Information given |
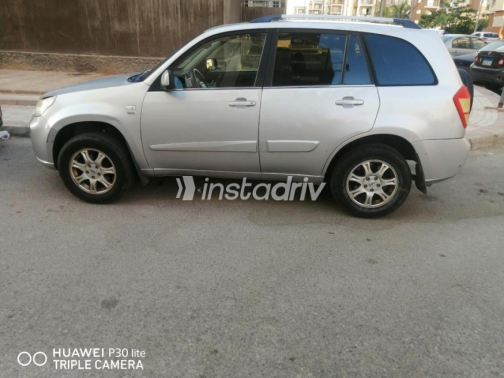 Chery Tiggo 3 2017 Silver Automatic Used for Sale in Greater Cairo ( Cairo + Giza) - 9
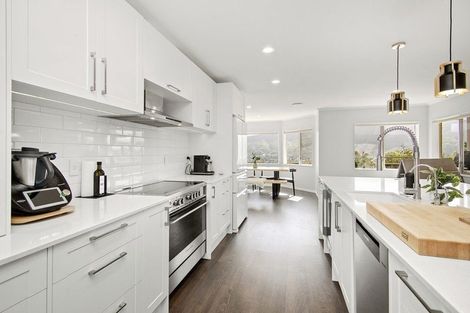 Photo of property in 125 Woodman Drive, Tawa, Wellington, 5028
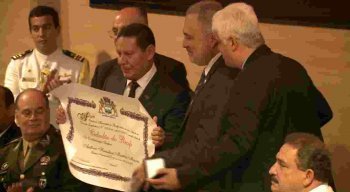 O vice-presidente da república recebeu a medalha e o título de Cidadão Recifense pelo presidente da Câmara Municipal, o vereador Eduardo Marques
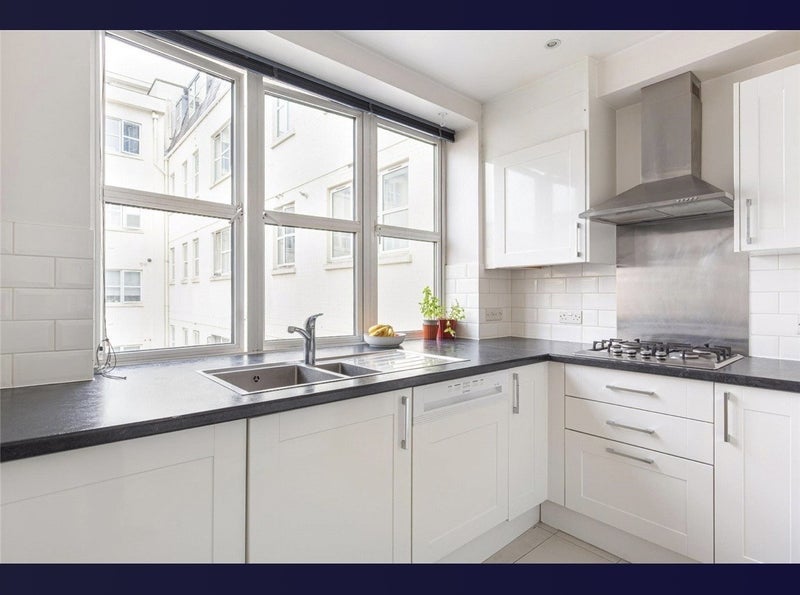 Room Kennington Lane in Greater London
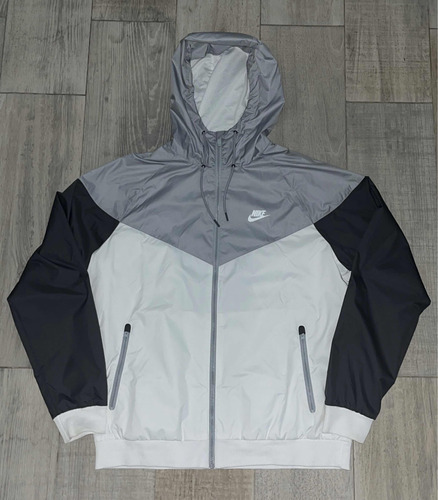 Campera Nike Rompevientos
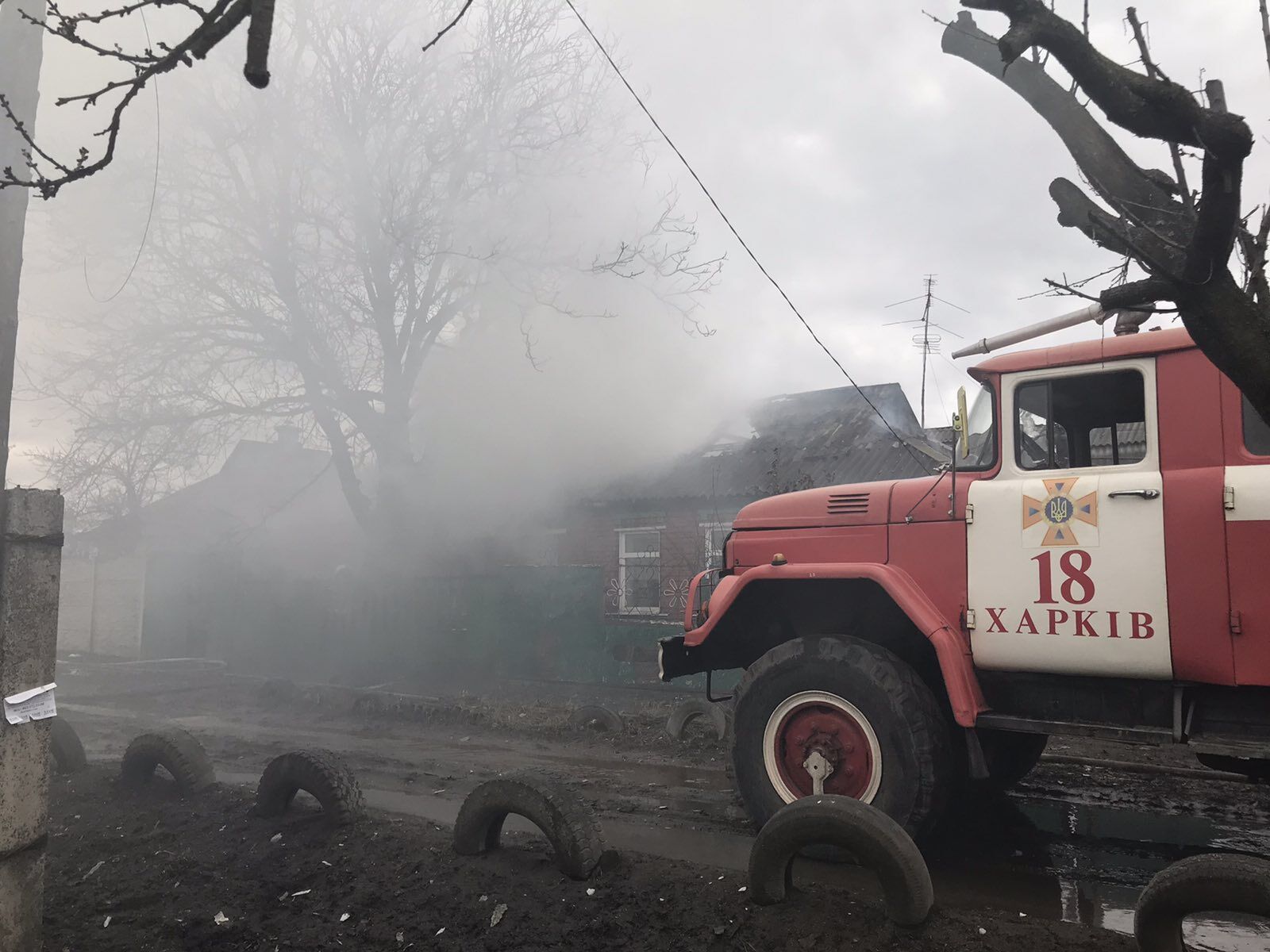 Харків: рятувальники врятували від вогню житловий будинок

Exercise aim |
Start at the line holding "Photo of property" and stop at the last line of the entries above. Repeat those lines exactly, pictures excluded.

Written response |
 Photo of property in 125 Woodman Drive, Tawa, Wellington, 5028
 O vice-presidente da república recebeu a medalha e o título de Cidadão Recifense pelo presidente da Câmara Municipal, o vereador Eduardo Marques
 Room Kennington Lane in Greater London
 Campera Nike Rompevientos
 Харків: рятувальники врятували від вогню житловий будинок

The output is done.